What this task involves:
Text only, exactly as given: reproduce the entries below without their pictures.

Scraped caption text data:

* * * * * * * * *

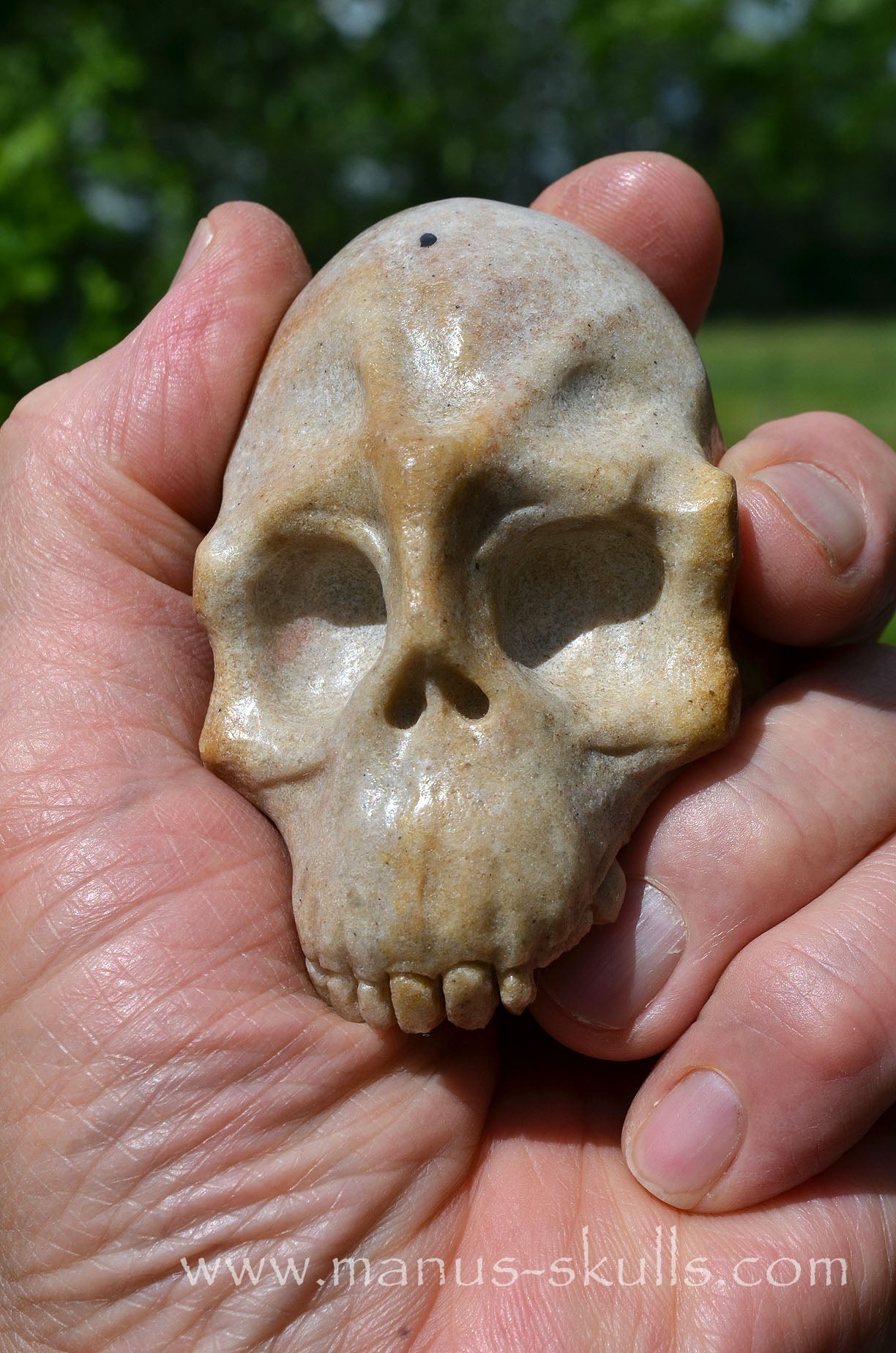 Sarsens stone Half Conehead Skull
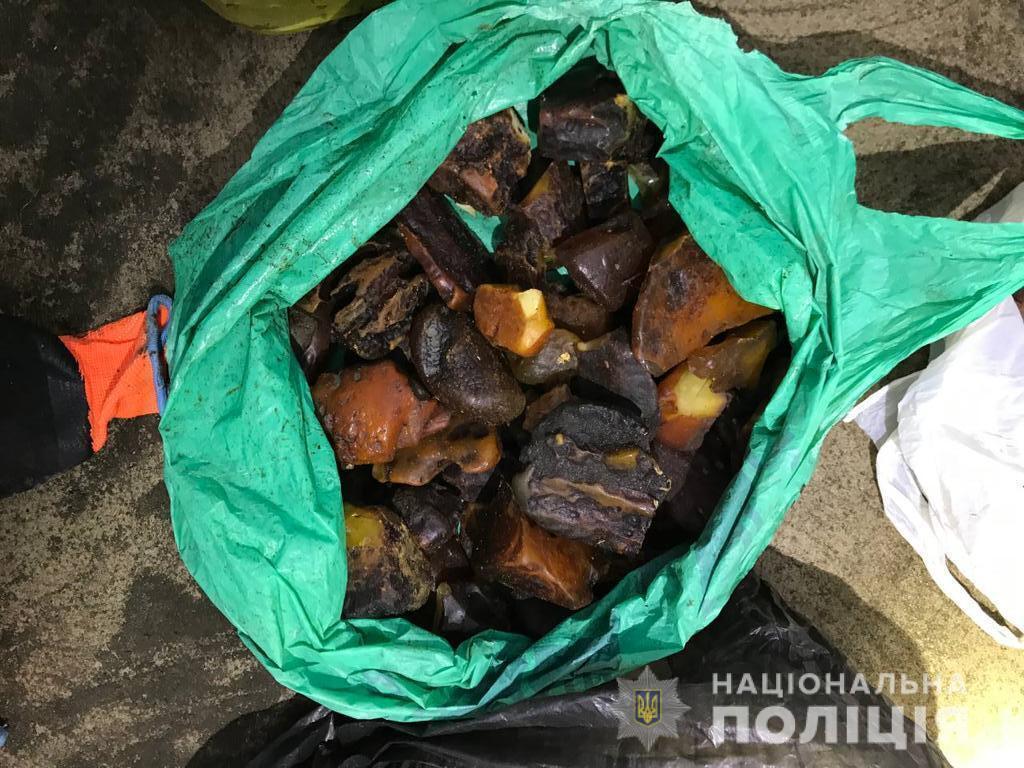 На Рівненщині під час обшуків поліцейські вилучили каміння бурштину-сирцю майже на 30 тисяч доларів США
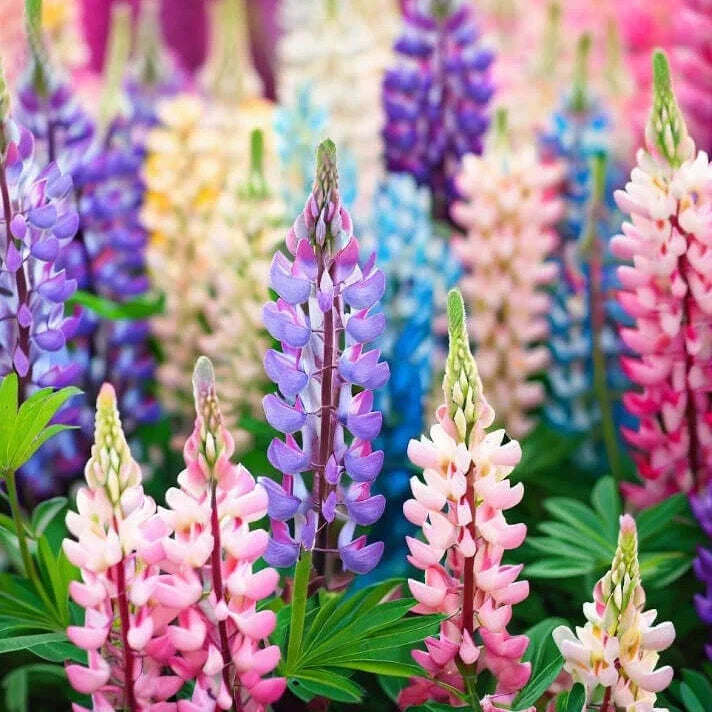 Pixie Delight Lupine Seeds | Non-GMO | 50-1,000 Seeds | Lupinus perennis | Garden Flower Seeds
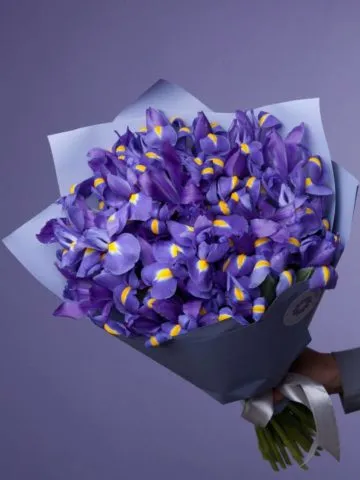 Bouquet 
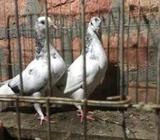 গিরিবাà¦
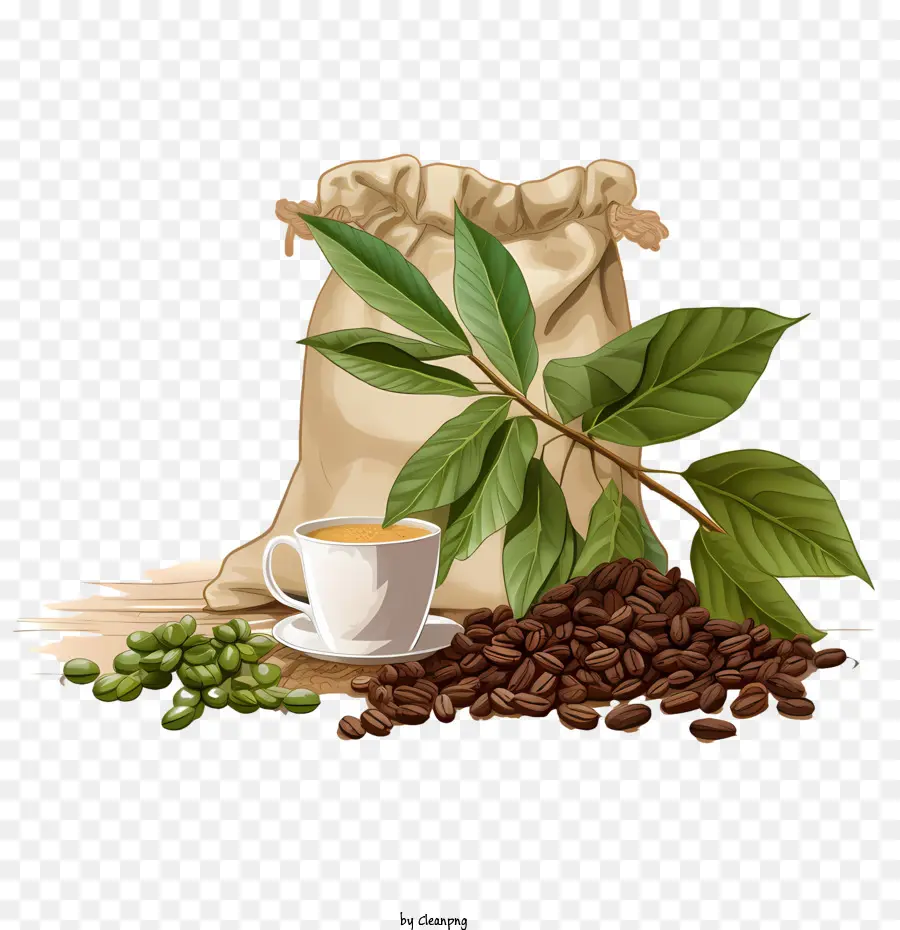 Café En Grains，Tasse PNG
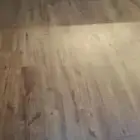 باركيه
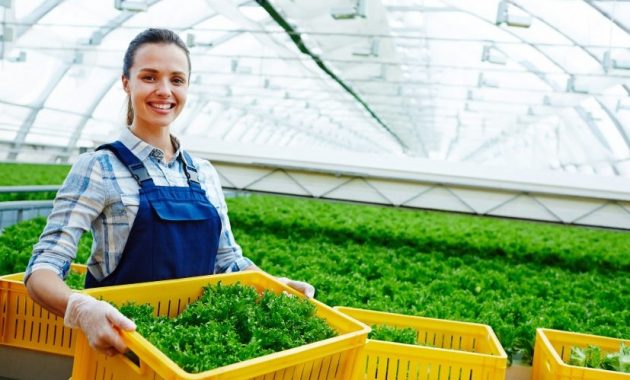 Pentingnya Pendidikan Agribisnis dalam Meningkatkan Ekonomi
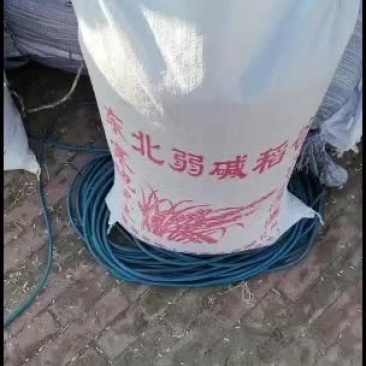 东北优质精选稻谷来自北纬45度的问候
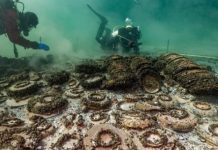 Zbulim spektakolar: Arkeologët gjejnë 1000 objekte romake nga një liqen në Zvicër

* * * * * * * * *

Problem solution:
 Sarsens stone Half Conehead Skull
 На Рівненщині під час обшуків поліцейські вилучили каміння бурштину-сирцю майже на 30 тисяч доларів США
 Pixie Delight Lupine Seeds | Non-GMO | 50-1,000 Seeds | Lupinus perennis | Garden Flower Seeds
 Bouquet 
 গিরিবাà¦
 Café En Grains，Tasse PNG
 باركيه
 Pentingnya Pendidikan Agribisnis dalam Meningkatkan Ekonomi
 东北优质精选稻谷来自北纬45度的问候
 Zbulim spektakolar: Arkeologët gjejnë 1000 objekte romake nga një liqen në Zvicër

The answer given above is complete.